▸ Your assignment:
Your output must be the lines below from the line containing "Gallery image thumbnail" to the line containing "Hi!5 Spacious Palotanegyed Apartmán", both lines included, reproduced exactly and without pictures.

▸ Data extract:
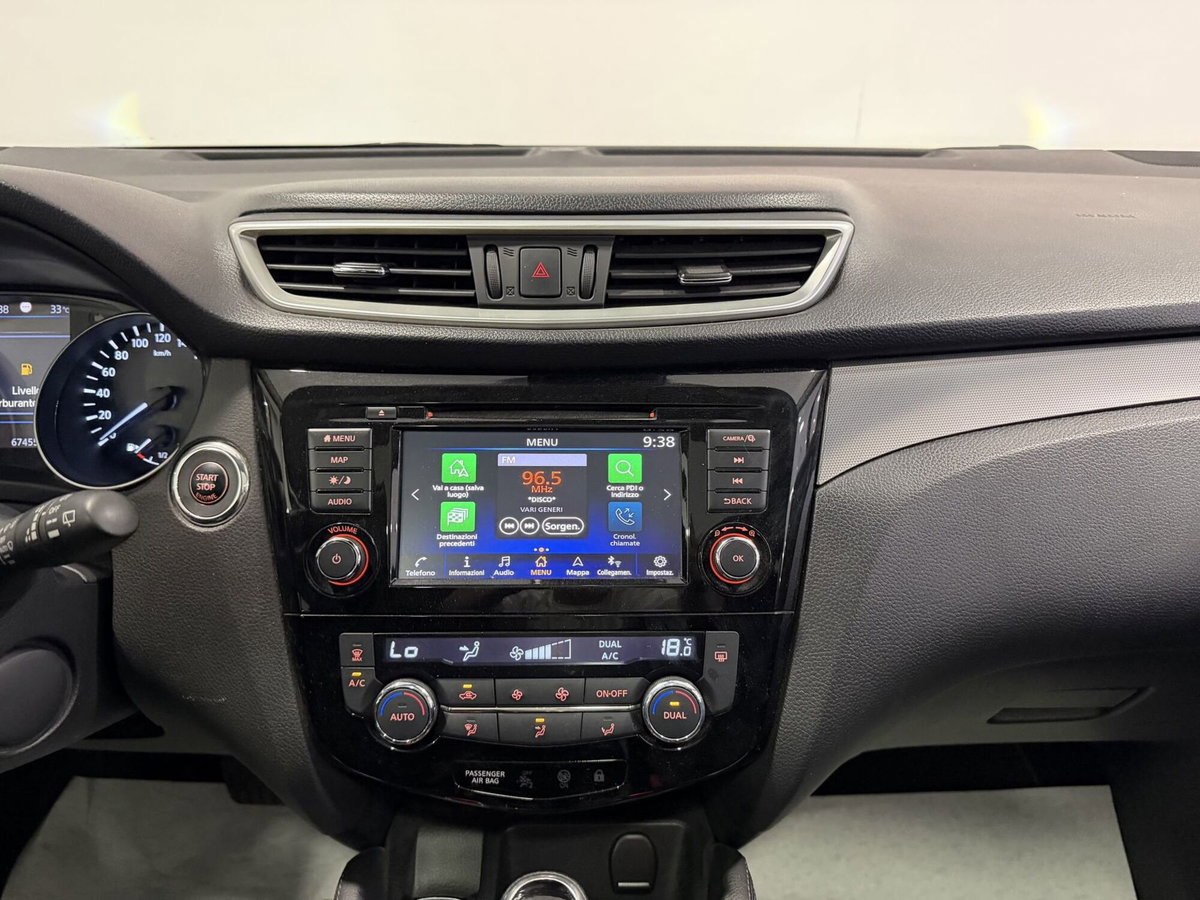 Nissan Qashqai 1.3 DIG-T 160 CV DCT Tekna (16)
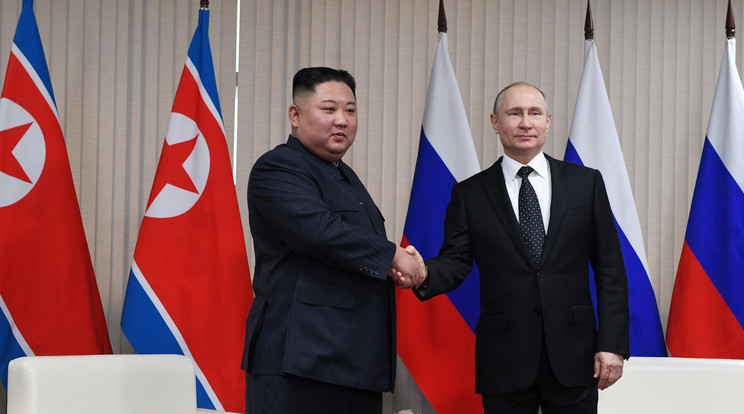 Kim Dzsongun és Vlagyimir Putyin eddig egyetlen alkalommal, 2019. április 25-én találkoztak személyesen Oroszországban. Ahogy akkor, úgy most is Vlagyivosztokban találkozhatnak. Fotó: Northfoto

--

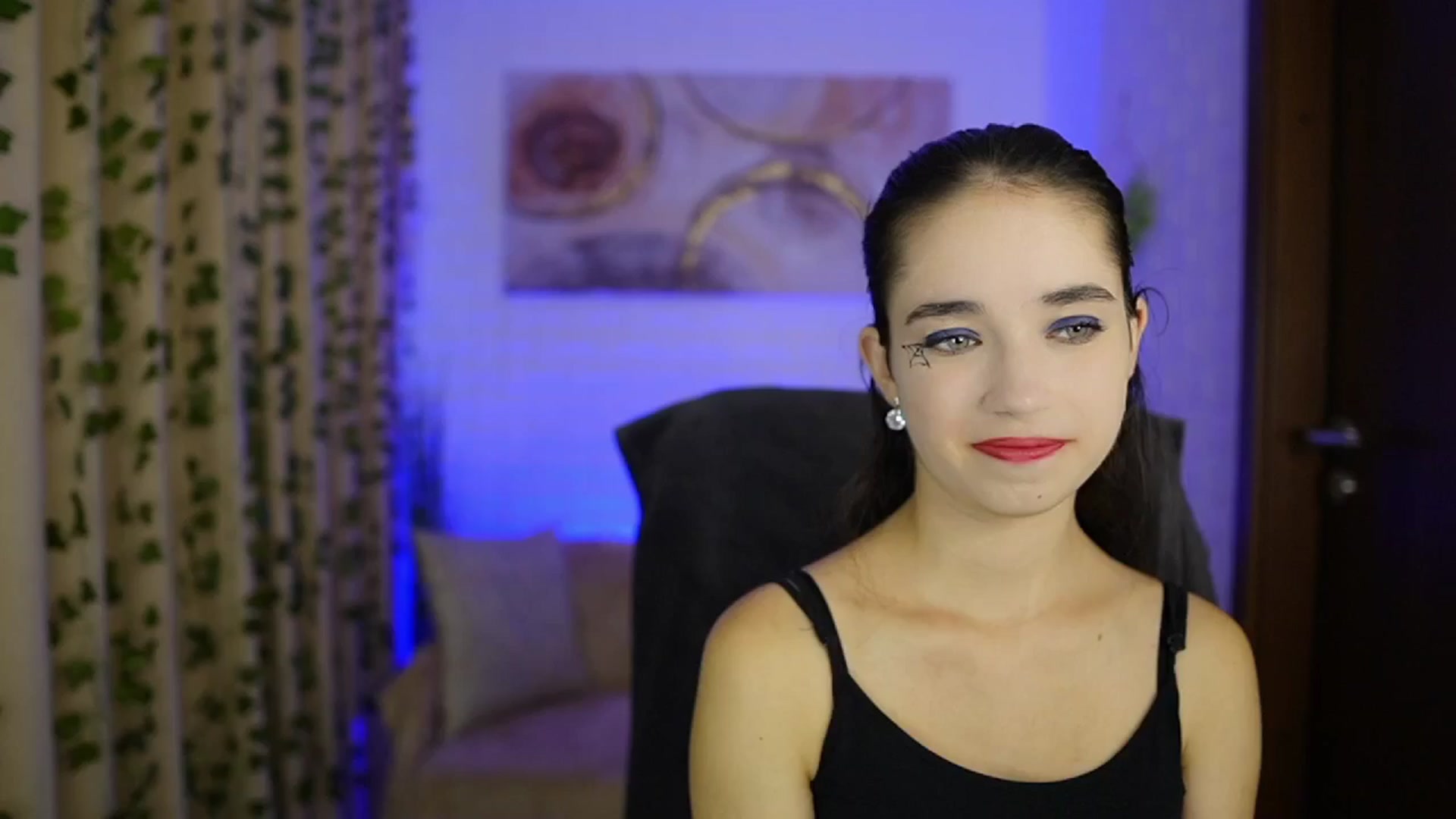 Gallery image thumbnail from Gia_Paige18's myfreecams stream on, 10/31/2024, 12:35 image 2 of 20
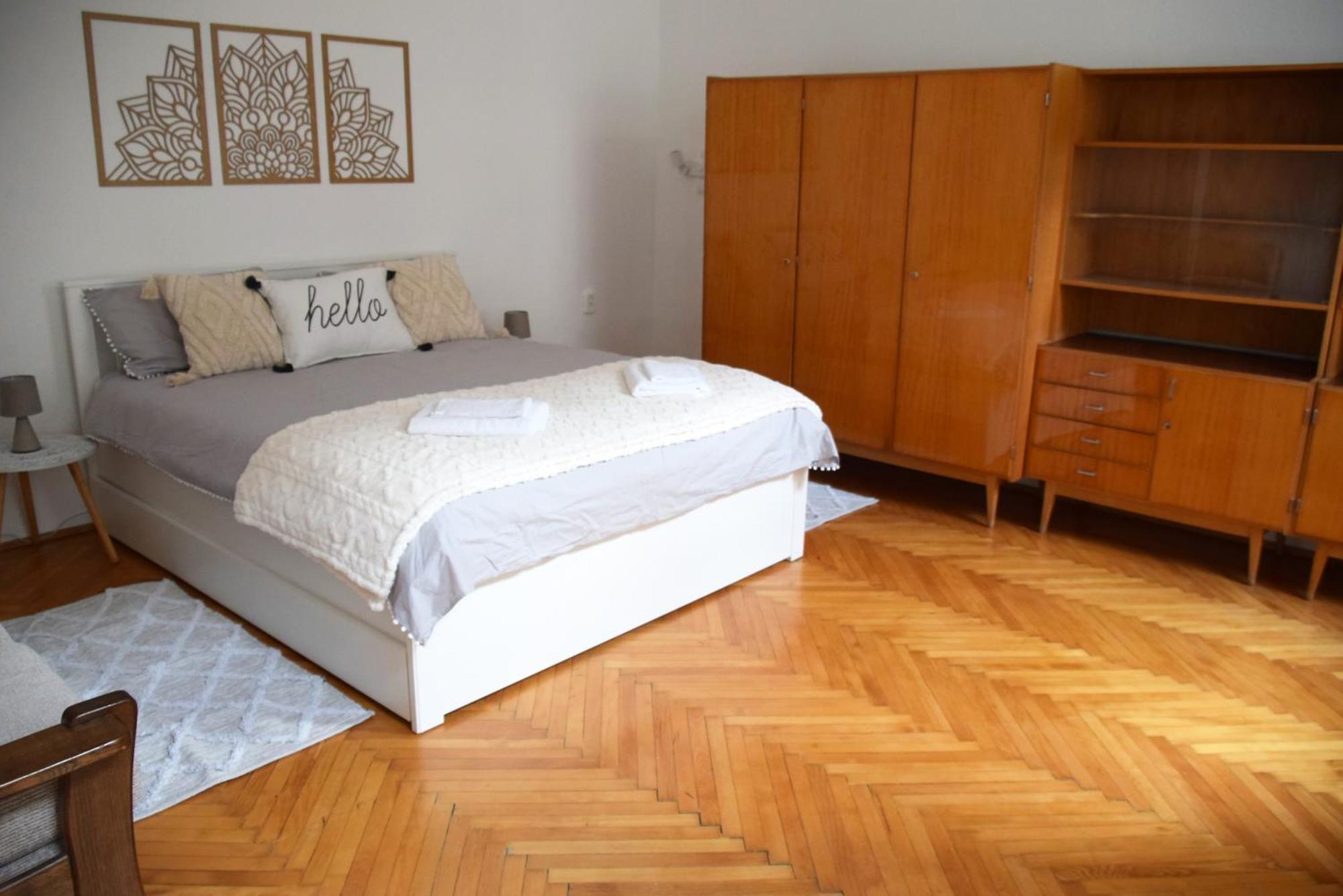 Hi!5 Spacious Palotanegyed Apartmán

▸ Answer below:
 Gallery image thumbnail from Gia_Paige18's myfreecams stream on, 10/31/2024, 12:35 image 2 of 20
 Hi!5 Spacious Palotanegyed Apartmán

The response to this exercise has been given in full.